Integration of much new surface and subsurface data suggests major reinterpretations of stratigraphy and structure of the Grenville series of the Precambrian in the Balmat-Edwards district, New York.

Only two major metasedimentary units appear to exist, (1) marble and (2) migmatitic paragneiss. The paragneiss seems to be about 3000 feet thick and is the oldest formation. The overlying marble may be as much as 2000 feet thick and is differentiated into 15 units. Most units are silicated dolomite; one contains anhydrite and traces of halite, another hydrogen sulfide and graphite. A potassic migmatite (injected sandy shale), about 400 feet thick, and minor marble overlie this sequence.
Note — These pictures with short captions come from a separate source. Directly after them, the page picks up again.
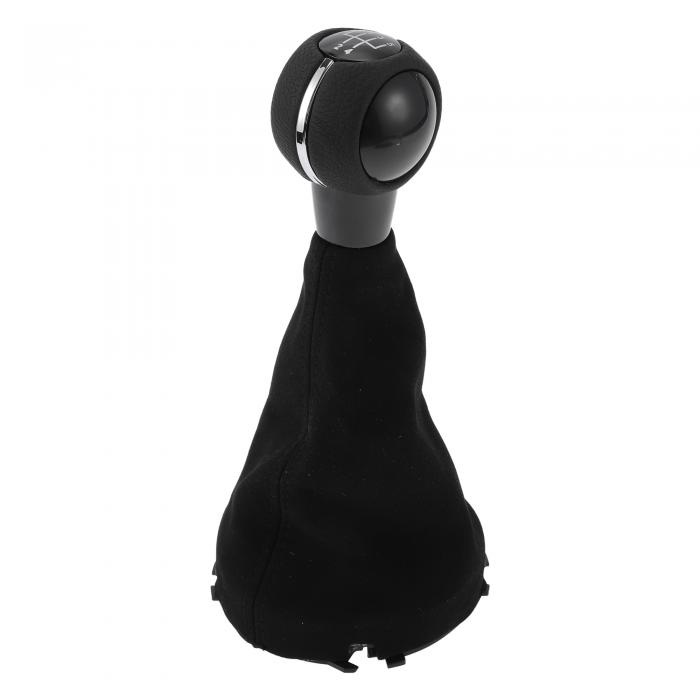 TUCKBOLD ミニクーパーに対応F55 F56用のカバー付き5速マニュアルギアシフトノブ | ギアボックススティ..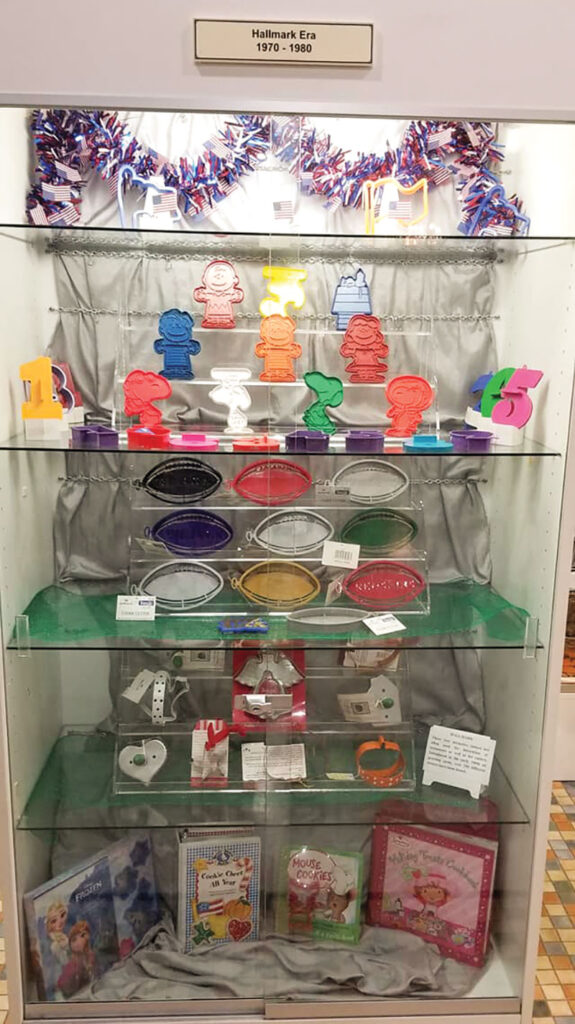 Hallmark cookie cutters were popular in the 1960s followed by collections like Elf on a Shelf, Peanuts and Star Wars. Photo by Sheila Stogsdill. 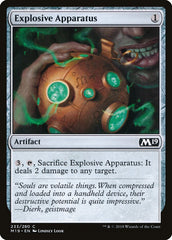 Aparato Explosivo / Explosive Appa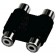 Adaptateur RCA Femelle-Femelle double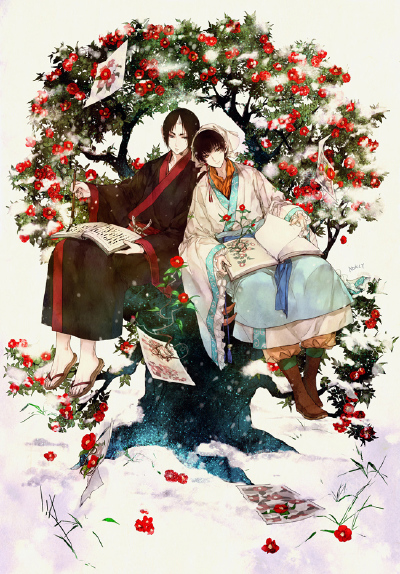 『鬼灯的冷彻』 鬼白 鬼灯 白泽 nokcy(hachini) id=2716677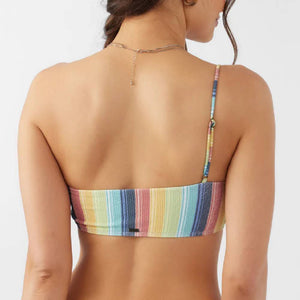 O'Neill Beachbound Stripe Seal Beach Bikini Top WOMEN - Clothing - Surf & Swimwear - Swimsuits O'Neill   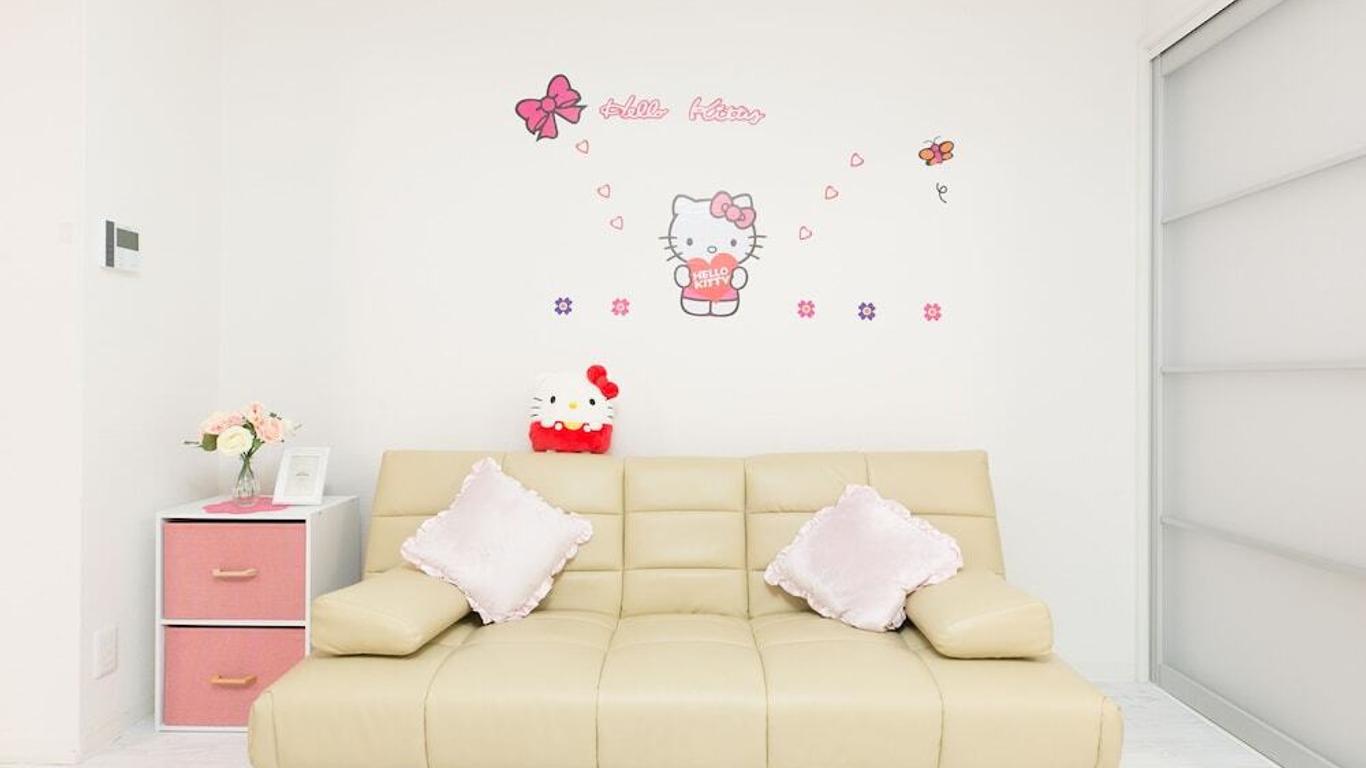 Osaka Higobashi Suite Room 301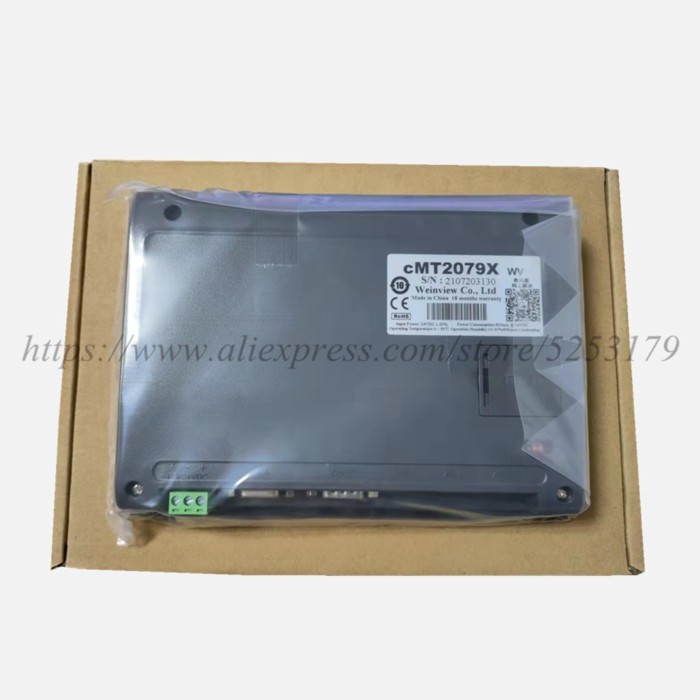 Original New WEINTEK cMT2079X Touch Panel HMI Replace MT8071iE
Major variations in composition and form of metasedimentary units are common, but most variations are metamorphic in origin.

The metasedimentary sequence is complexly sheared and intricately plicated into a series of northeast-trending, gently plunging folds. These merge into and are blurred by northwest-plunging cross folds. Both types of folds range from crumples to folds with either an amplitude or a radius of curvature of a mile or more. The northeast-trending folds are accordant elements of a regional system. Cross folds are confined largely to zones on opposite sides of the Grenville Lowlands where the lowlands merge into igneous massifs. Parts of these zones are major shears, involving displacements of at least 3 miles, along which stratigraphic units are obliterated.
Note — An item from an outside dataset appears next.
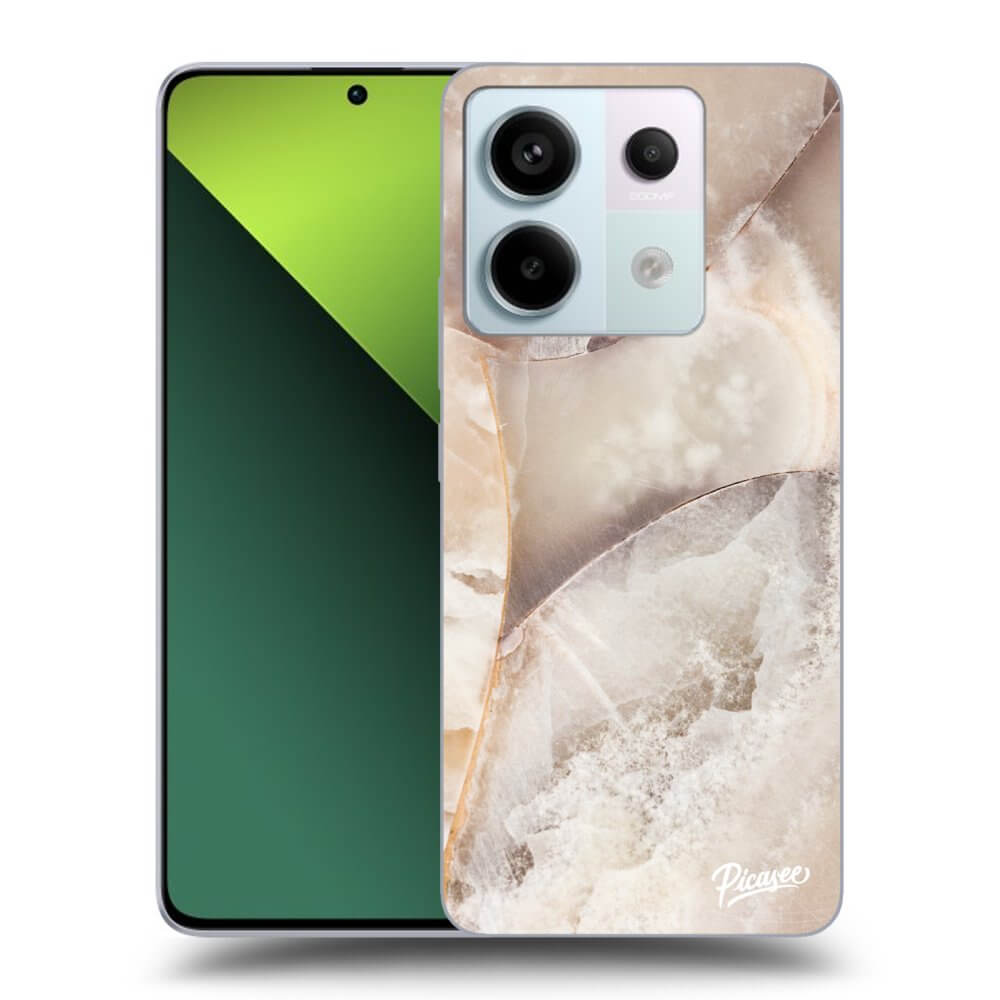 Picasee ULTIMATE CASE pro Xiaomi Redmi Note 13 Pro 5G - Cream marble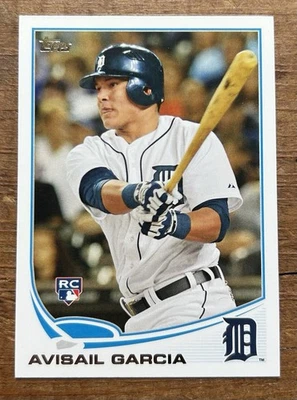 Avisail Garcia 2013 Topps ROOKIE RC #199 Detroit Tigers Sox MLB - Image 1 of 2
The two fold sets and shear zones may be ascribed to either (1) closely related stages in a gigantic, upward diapiric flow of metasediments and intrusives of the Grenville Lowlands in response to southeast-northwest crustal shortening or (2) more distinctly separated periods of deformation, in which the cross folds formed through refolding of the preexisting structures in response to a northeastward crustal couple. The second interpretation is preferred largely because of (1) the large size of the cross folds and of the belts formed by them, (2) the common direction sense of cross folds, and (3) evidence that the axes of many cross folds intersect axes of the northeast-trending, gently plunging folds at large angles.